Image-text web data
◇ ◇ ◇ ◇
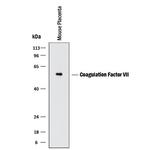 Factor VII Polyclonal Antibody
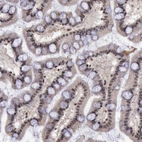 Immunohistochemical staining of human small intestine shows moderate nuclear positivity in glandular cells.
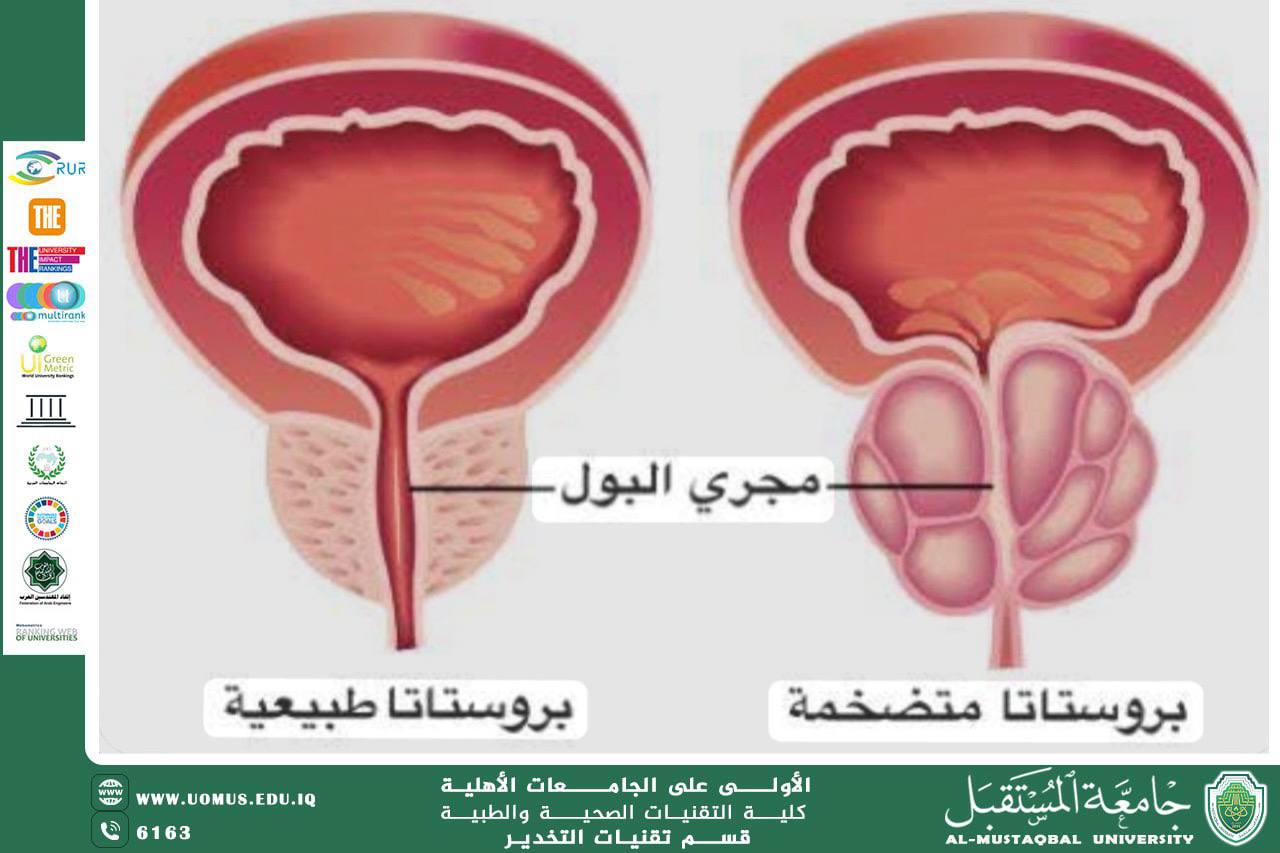 مقالة علمية للدكتور احمد خضير عن تضخم البروستات عند الرجال (Benign Prostatic Hyperplasia - BPH)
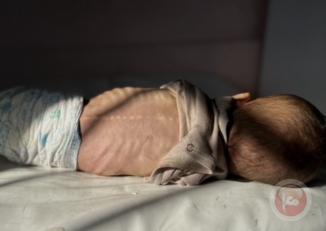 وفاة طفل بغزة بسبب سوء التغذية الحاد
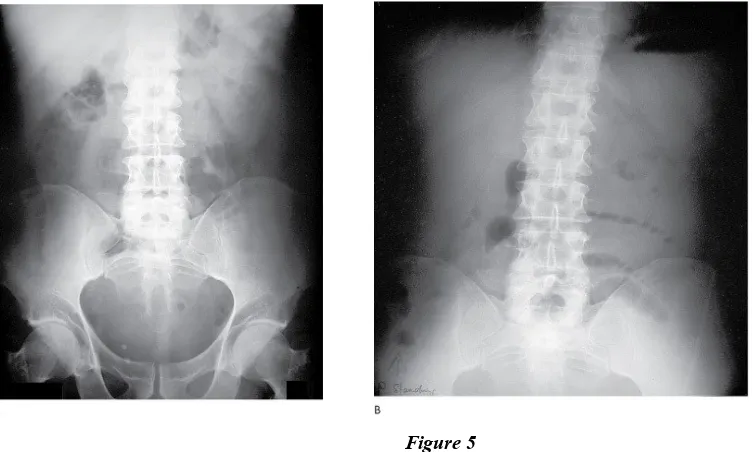 Figure 5The abdominal radiographs were interpreted as showing a “nonspecific bowel gas pattern.”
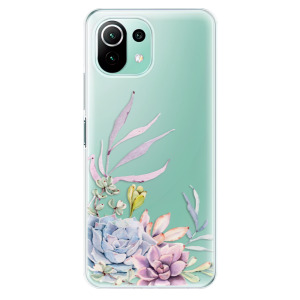 Silikonové pouzdro iSaprio - Xiaomi Mi 11 Lite / Xiaomi 11 Lite 5G NE - Succulent 01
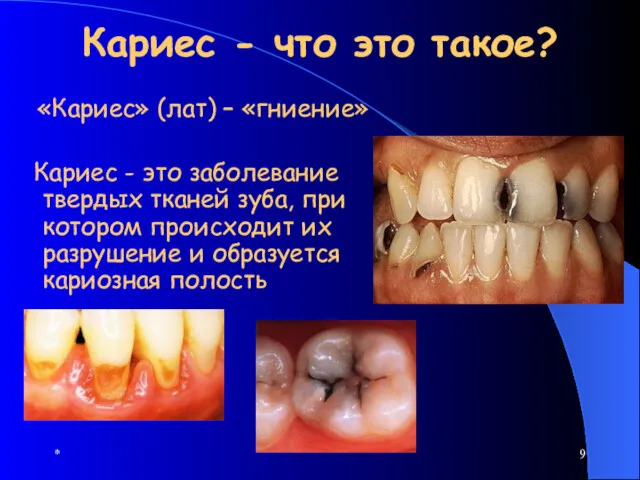 * Кариес - что это такое? «Кариес» (лат) – «гниение»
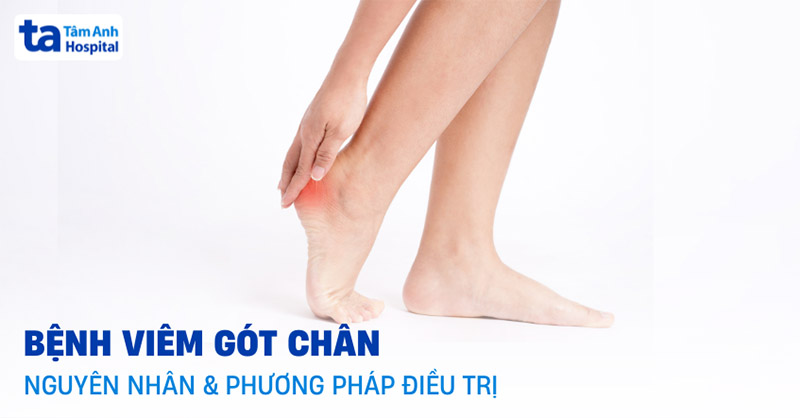 viêm gót chân có nguy hiểm không viêm gót chân có nguy hiểm không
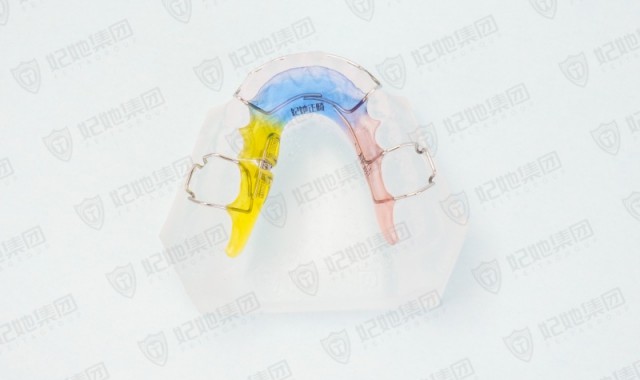 螺旋簧单侧磨牙后移矫治器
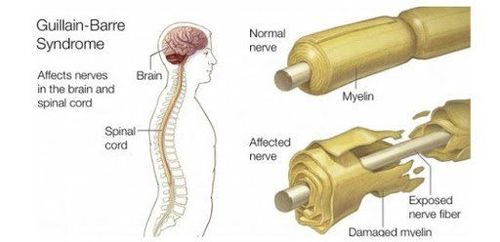 How should Guillain-Barre Syndrome be treated?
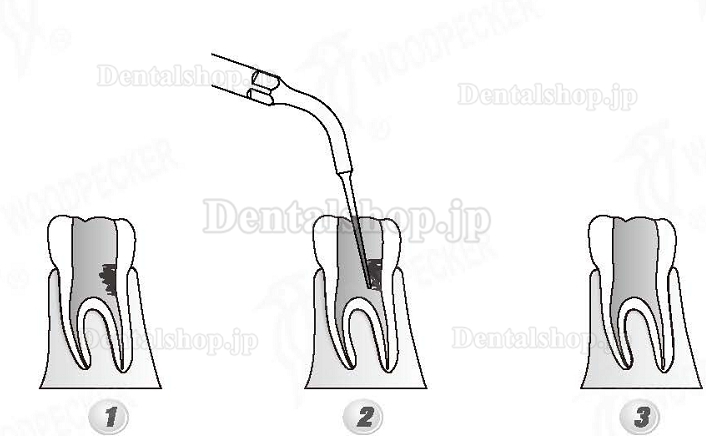 Woodpecker®DTE根管治療用チップED5D（SATELECと交換、5本入）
◇ ◇ ◇ ◇
▶ **WORK ORDER**: Give the data again exactly as written, with all pictures left out.

▶ **SOLUTION TO THIS PROBLEM**:
 Factor VII Polyclonal Antibody
 Immunohistochemical staining of human small intestine shows moderate nuclear positivity in glandular cells.
 مقالة علمية للدكتور احمد خضير عن تضخم البروستات عند الرجال (Benign Prostatic Hyperplasia - BPH)
 وفاة طفل بغزة بسبب سوء التغذية الحاد
 Figure 5The abdominal radiographs were interpreted as showing a “nonspecific bowel gas pattern.”
 Silikonové pouzdro iSaprio - Xiaomi Mi 11 Lite / Xiaomi 11 Lite 5G NE - Succulent 01
 * Кариес - что это такое? «Кариес» (лат) – «гниение»
 viêm gót chân có nguy hiểm không viêm gót chân có nguy hiểm không
 螺旋簧单侧磨牙后移矫治器
 How should Guillain-Barre Syndrome be treated?
 Woodpecker®DTE根管治療用チップED5D（SATELECと交換、5本入）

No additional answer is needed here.